Three women stood up to the grim and everlasting Lukashenko: Sviatlana Tsikhanouskaya and her collaborators, Maria Kolesnikova and Veranika Tsapkala. It is unclear whether Belarusians truly want a woman to govern the country, or if they would rather vote for the devil himself than allow the current president to remain in power. Either way, something unprecedented happened in global politics: three female politicians started voicing the unrest of an entire nation, regardless of social class or region.

This collective support took on quite unexpected forms. During an election rally in Grodno, the fragile candidate was welcomed by veterans of the airborne forces, a subculture of muscled-up bullies, who chanted: “Svieta, we stand by your side till the end!”

The feminine, emancipatory aspects of the political conflict were even broader. Lukashenko committed his first mistake by underestimating his female adversary. His second wrong move was to order brutal pacification measures. Since half of the protestors were women and girls, hundreds of them were arrested.
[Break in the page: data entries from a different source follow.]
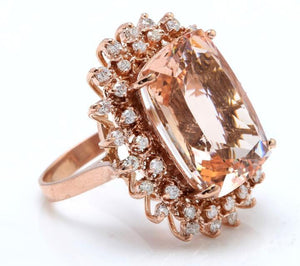 19.20 Carats Exquisite Natural Peach Morganite and Diamond 14K Solid Rose Gold Ring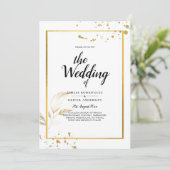 Elegante witte & gouden foto-huwelijksuitnodiging kaart (Staand voorkant)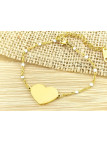 Bracelet Acier coeur doré perles blanches 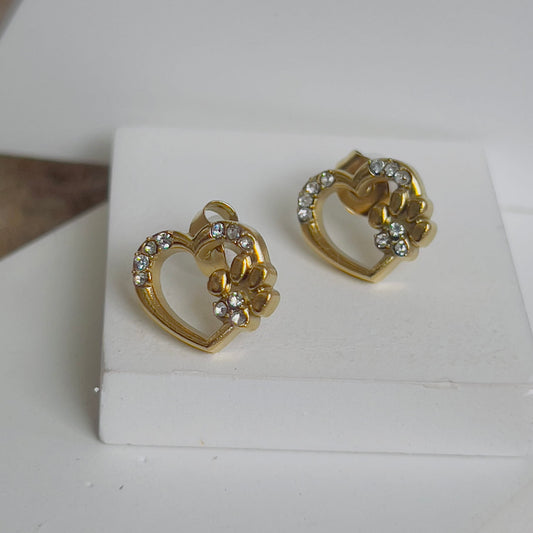Heart flower white crystal earrings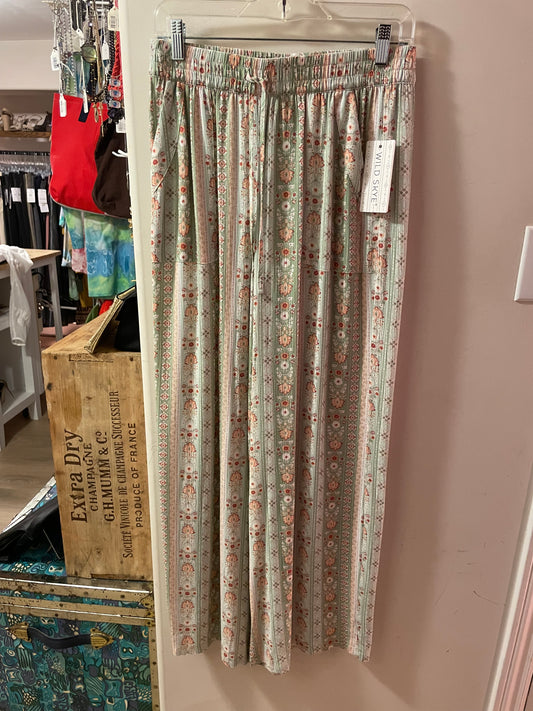 Wild Skye Mint & Peach Floral Wide-Leg Pants NWT – Size M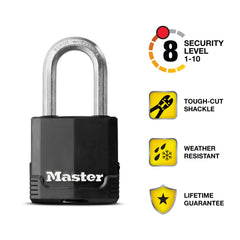 Master Lock close-up of weatherproof thermoplastic cover resisting moisture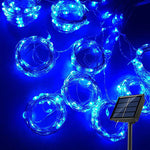 guirlande lumineuse solaire 3m 300leds blanc chaud moderne sans fixation pvc ip65 led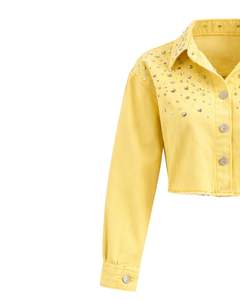 Veste en jean courte jaune personnalisée pour femme avec boutons ornés de strass, manches longues, style décontracté et tendance - Product Image 4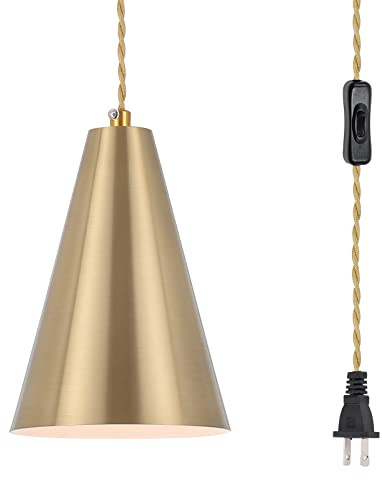 Gold Plug In Pendant Light,Hanging Lights With Plug In Cord On/Off Switch, Mini Brass Pendant Lights for Kitchen Island,Modern Chandeliers Light Fixture with Metal Shade,Hanging Lamps for Bedroom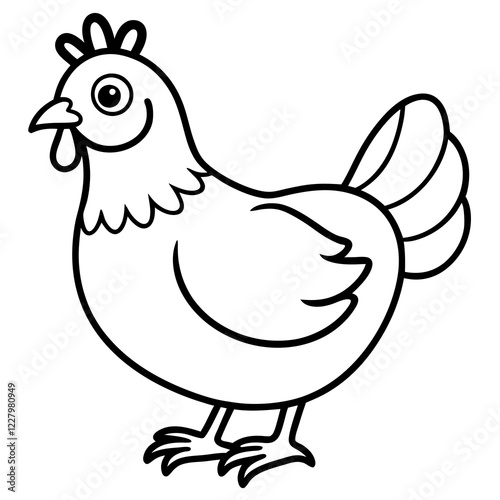 Cute Chicken Line Art Silhouette Black Vector Carton Illustration
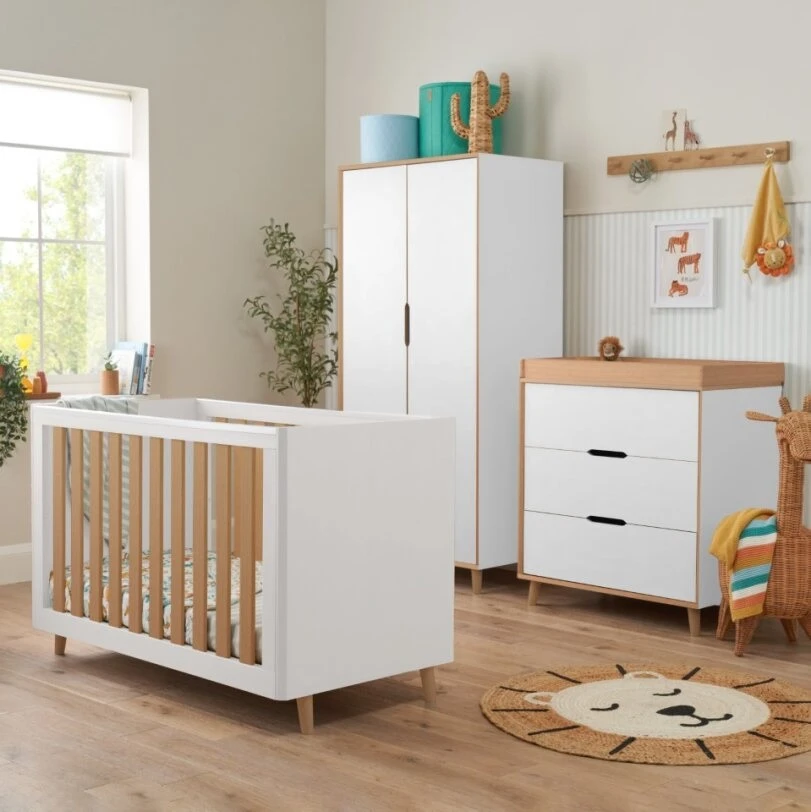 Tutti Bambini Fika 4in1 3 Piece Room Set – White/Light Oak 1 Tutti Bambini Fika 4in1 3 Piece Room Set – White/Light Oak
They were tortured just like the men. The media received terrifying accounts of barbaric treatment and photos of mutilated female bodies. These reports were especially infuriating for conservative citizens, who generally believe that women should be treated more gently than men.

However, the Belarusian girls and women were not discouraged. Two weeks after the elections they organized a big march in Minsk, bringing together well over 10,000 people. On this occasion, they once again played the weaker-gender card and taunted the OMON units for several hours by breaking the police lines or changing the route of the march. The internet was flooded with footage of women rescuing fellow male protesters from the hands of the militia. This was quite a courageous feat considering those functionaries had no scruples about torturing female detainees a few days before.

Moreover, it was the 73-year-old Nina Baginskaya who became an icon of the protests. The woman had been participating in demonstrations for years, with the historical red-and-white flag in hand, doggedly attending all of the feeble rallies organized by the opposition over the decades. She was repeatedly punished with fines and forfeiture for taking part in illegal activities, yet gained nationwide recognition for her perseverance. Many videos were posted online of the petite pensioner grappling with a buffed-up OMON functionary who had tried to take her flag away.

The political empowerment of Belarusian women is a fact. They hunted Lukashenko down, just like Birnam Wood went after Macbeth. The dictator had a specific attitude towards women – he sent his wife Halina away to the countryside, he used beautiful young girls as PR and campaign mascots, but he did not foresee that his power would be challenged by those he had always despised so deeply.